→ **Exercise**: Would you return each record that follows word for word, without its pictures?

→ **Input records**:
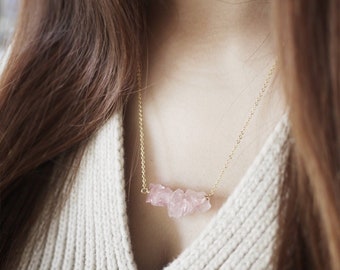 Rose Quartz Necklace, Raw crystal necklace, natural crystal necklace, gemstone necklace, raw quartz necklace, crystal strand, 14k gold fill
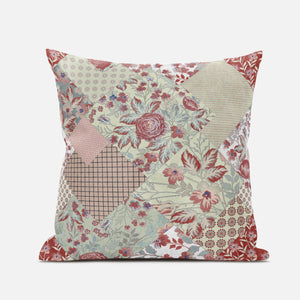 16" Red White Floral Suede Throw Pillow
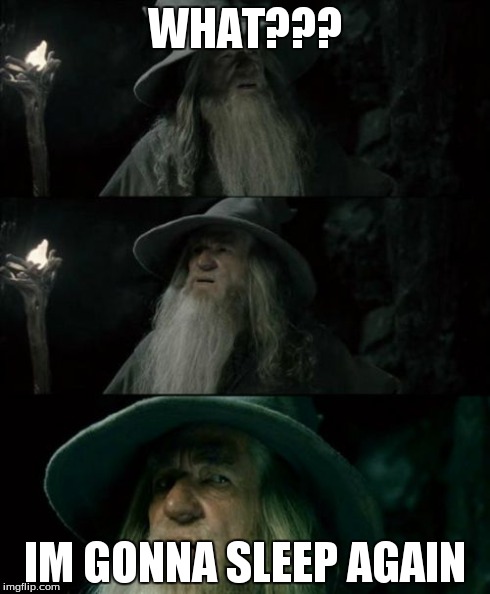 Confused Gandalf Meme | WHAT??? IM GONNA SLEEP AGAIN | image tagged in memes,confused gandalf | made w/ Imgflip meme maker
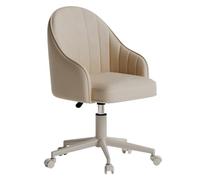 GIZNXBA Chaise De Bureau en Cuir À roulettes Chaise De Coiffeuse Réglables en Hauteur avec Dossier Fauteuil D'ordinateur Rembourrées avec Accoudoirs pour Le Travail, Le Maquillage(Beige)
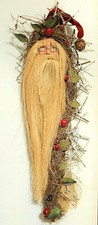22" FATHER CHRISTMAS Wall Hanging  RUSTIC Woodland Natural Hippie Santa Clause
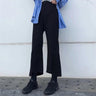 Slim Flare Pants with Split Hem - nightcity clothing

→ **Solution to the problem**:
 Rose Quartz Necklace, Raw crystal necklace, natural crystal necklace, gemstone necklace, raw quartz necklace, crystal strand, 14k gold fill
 16" Red White Floral Suede Throw Pillow
 Confused Gandalf Meme | WHAT??? IM GONNA SLEEP AGAIN | image tagged in memes,confused gandalf | made w/ Imgflip meme maker
 GIZNXBA Chaise De Bureau en Cuir À roulettes Chaise De Coiffeuse Réglables en Hauteur avec Dossier Fauteuil D'ordinateur Rembourrées avec Accoudoirs pour Le Travail, Le Maquillage(Beige)
22" FATHER CHRISTMAS Wall Hanging  RUSTIC Woodland Natural Hippie Santa Clause
 Slim Flare Pants with Split Hem - nightcity clothing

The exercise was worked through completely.